> _Required action_
In the records below, find the line with "Ruota zincata d.90x25" and the line with "[soco] 用濕潤的高品質 100%"; return exactly those lines and every line between them.

> _Input records_
========

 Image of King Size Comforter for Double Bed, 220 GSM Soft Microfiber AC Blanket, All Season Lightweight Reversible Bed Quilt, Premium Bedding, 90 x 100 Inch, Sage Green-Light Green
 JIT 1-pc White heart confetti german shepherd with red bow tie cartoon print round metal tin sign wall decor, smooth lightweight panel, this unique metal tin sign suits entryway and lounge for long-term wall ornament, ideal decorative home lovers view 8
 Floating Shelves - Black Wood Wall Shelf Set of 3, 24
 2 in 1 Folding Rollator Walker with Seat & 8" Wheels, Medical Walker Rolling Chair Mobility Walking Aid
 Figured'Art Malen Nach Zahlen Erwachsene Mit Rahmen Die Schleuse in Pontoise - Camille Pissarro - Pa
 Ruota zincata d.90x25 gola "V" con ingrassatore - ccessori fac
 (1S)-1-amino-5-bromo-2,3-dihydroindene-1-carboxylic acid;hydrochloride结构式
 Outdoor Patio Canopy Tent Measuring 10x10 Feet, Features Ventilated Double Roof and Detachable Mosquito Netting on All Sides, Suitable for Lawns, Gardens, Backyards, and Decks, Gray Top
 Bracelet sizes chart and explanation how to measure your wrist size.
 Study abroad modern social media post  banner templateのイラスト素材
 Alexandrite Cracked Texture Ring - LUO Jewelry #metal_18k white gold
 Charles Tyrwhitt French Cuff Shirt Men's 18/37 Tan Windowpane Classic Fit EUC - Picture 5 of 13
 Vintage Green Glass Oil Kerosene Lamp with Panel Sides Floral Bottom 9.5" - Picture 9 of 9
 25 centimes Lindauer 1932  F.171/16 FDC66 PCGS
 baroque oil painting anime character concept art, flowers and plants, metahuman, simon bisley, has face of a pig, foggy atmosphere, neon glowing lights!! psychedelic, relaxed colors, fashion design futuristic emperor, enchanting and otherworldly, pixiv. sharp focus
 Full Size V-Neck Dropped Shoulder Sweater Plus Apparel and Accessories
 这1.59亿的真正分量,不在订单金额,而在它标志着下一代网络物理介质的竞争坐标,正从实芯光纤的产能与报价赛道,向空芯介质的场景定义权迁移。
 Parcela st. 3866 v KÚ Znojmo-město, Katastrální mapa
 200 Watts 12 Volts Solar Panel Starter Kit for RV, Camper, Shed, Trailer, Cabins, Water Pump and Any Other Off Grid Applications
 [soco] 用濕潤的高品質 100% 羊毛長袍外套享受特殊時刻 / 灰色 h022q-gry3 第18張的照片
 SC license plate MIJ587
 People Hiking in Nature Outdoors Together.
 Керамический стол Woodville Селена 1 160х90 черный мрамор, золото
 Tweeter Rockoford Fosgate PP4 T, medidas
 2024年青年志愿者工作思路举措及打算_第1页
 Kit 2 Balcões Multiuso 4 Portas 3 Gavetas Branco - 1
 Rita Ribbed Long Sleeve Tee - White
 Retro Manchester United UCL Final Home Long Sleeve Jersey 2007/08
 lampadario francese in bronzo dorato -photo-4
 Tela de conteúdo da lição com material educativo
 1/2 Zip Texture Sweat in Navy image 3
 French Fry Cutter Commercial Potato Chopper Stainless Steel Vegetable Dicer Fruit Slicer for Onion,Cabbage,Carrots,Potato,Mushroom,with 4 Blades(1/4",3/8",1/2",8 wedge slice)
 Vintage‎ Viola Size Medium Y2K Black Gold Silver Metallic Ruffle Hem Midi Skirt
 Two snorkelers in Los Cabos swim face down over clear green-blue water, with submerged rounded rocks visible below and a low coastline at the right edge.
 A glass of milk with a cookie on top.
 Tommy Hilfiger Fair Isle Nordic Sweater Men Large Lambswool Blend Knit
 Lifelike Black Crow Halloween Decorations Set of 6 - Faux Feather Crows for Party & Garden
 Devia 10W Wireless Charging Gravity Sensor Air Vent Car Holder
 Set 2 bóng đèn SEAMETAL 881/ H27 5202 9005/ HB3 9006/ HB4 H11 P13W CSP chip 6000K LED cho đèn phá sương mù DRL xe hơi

========

> _Reply to the task_
 Ruota zincata d.90x25 gola "V" con ingrassatore - ccessori fac
 (1S)-1-amino-5-bromo-2,3-dihydroindene-1-carboxylic acid;hydrochloride结构式
 Outdoor Patio Canopy Tent Measuring 10x10 Feet, Features Ventilated Double Roof and Detachable Mosquito Netting on All Sides, Suitable for Lawns, Gardens, Backyards, and Decks, Gray Top
 Bracelet sizes chart and explanation how to measure your wrist size.
 Study abroad modern social media post  banner templateのイラスト素材
 Alexandrite Cracked Texture Ring - LUO Jewelry #metal_18k white gold
 Charles Tyrwhitt French Cuff Shirt Men's 18/37 Tan Windowpane Classic Fit EUC - Picture 5 of 13
 Vintage Green Glass Oil Kerosene Lamp with Panel Sides Floral Bottom 9.5" - Picture 9 of 9
 25 centimes Lindauer 1932  F.171/16 FDC66 PCGS
 baroque oil painting anime character concept art, flowers and plants, metahuman, simon bisley, has face of a pig, foggy atmosphere, neon glowing lights!! psychedelic, relaxed colors, fashion design futuristic emperor, enchanting and otherworldly, pixiv. sharp focus
 Full Size V-Neck Dropped Shoulder Sweater Plus Apparel and Accessories
 这1.59亿的真正分量,不在订单金额,而在它标志着下一代网络物理介质的竞争坐标,正从实芯光纤的产能与报价赛道,向空芯介质的场景定义权迁移。
 Parcela st. 3866 v KÚ Znojmo-město, Katastrální mapa
 200 Watts 12 Volts Solar Panel Starter Kit for RV, Camper, Shed, Trailer, Cabins, Water Pump and Any Other Off Grid Applications
 [soco] 用濕潤的高品質 100% 羊毛長袍外套享受特殊時刻 / 灰色 h022q-gry3 第18張的照片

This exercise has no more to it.